This descriptive exploratory study aims to explore the level of knowledge of pharmacogenetics that pharmacists in Victoria, Australia, perceive they have, how they believe pharmacogenetics will impact upon their profession, and the ways in which they would like to be educated about pharmacogenetics.
A cross-sectional survey was employed to achieve the aims this study. The survey contained eight questions, with the type of questions being multiple choice, numeric open-ended, text open ended and rating scales. It is estimated that the survey would have taken less than 5-10 minutes to complete. The use of a cross-sectional survey enabled information regarding pharmacists´ perceptions and knowledge about pharmacogenetics to be collected across a large geographical area at one point in time.25 The questions in the survey enabled data to be gathered on a) where the pharmacists worked, b) the pharmacists´ perceived knowledge of pharmacogenetics, c) the perceived ability of the pharmacists to counsel patients about pharmacogenetic testing, d) how pharmacists should be educated on the topic and e) how they believed that pharmacogenetics will affect their careers in the future. The questions used in this study were modelled on findings from previous studies regarding the incorporation of pharmacogenetics into pharmacy.2,3,22,23
For inclusion in this study, participants were required to be registered pharmacists practicing in Victoria. 800 Victorian pharmacists from 400 randomly selected community and hospital pharmacies were asked to participate in this study. The pharmacies, including both community and hospital pharmacies, were randomly selected from an online directory. A survey pack containing a cover letter, a participant information sheet, the survey and a reply paid envelope were dispatched to the pharmacists. Pharmacists were asked to complete the surveys and return them in the reply paid envelope.

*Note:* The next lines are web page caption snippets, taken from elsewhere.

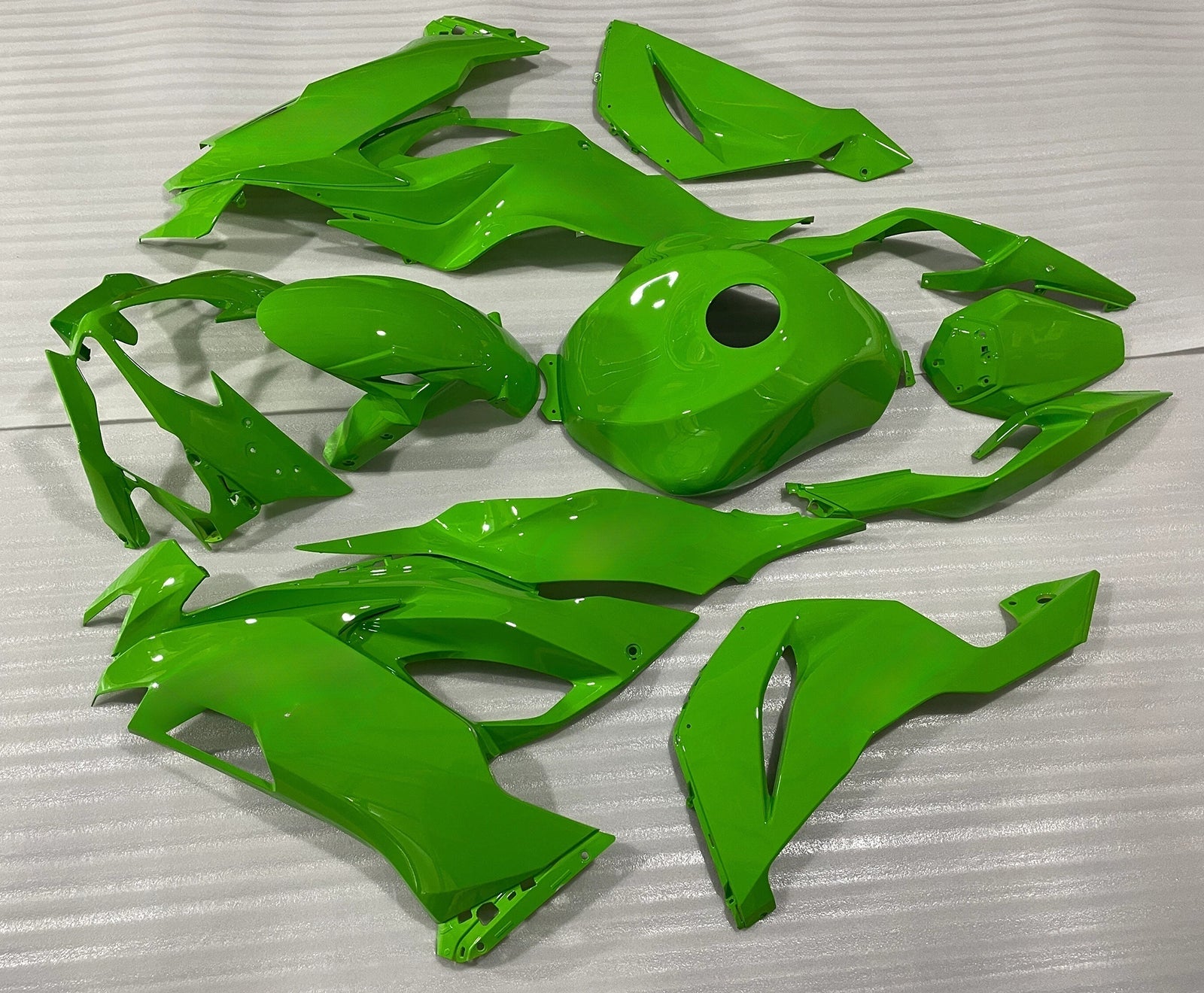 Amotopart 2019-2023 Kawasaki ZX6R Kit de carenado blanco azul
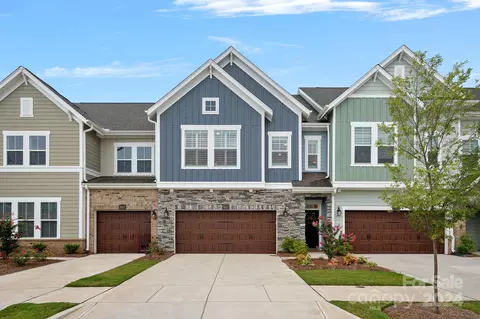9007 Charles Francis Ln, Cornelius, NC 28031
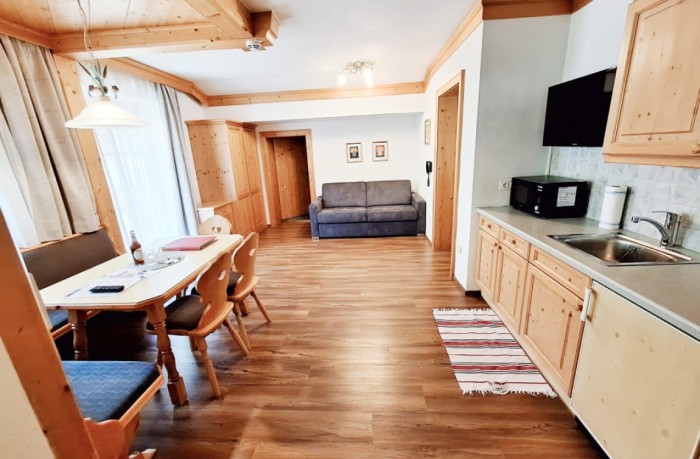 Küchenzeile und Esstisch mit TV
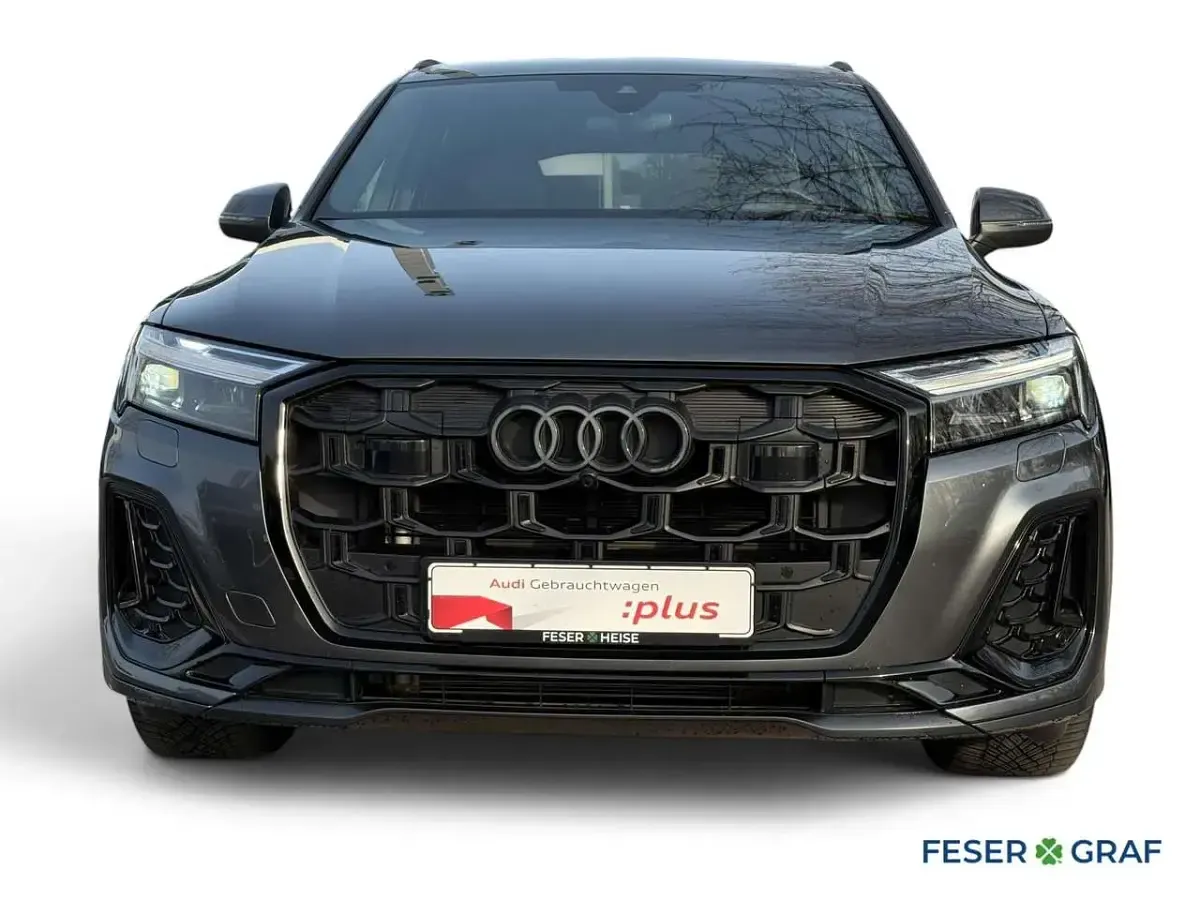 Usado Audi Q7 S-Line 286 HP (210 kW) 2025 Cinzento SUV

Both quantitative and qualitative data was obtained during this study. Quantitative data was analysed using SPSS® version 17.0 for Windows® to generate simple descriptive statistics in order to address the key objectives of this study. Confidence intervals were calculated and the correlation between the number of years the pharmacists had been practicing and their perceived level of knowledge about pharmacogenetics was explored. Qualitative data was interpreted and analysed thematically in order to identify the major areas that pharmacists believe pharmacogenetics will impact upon them.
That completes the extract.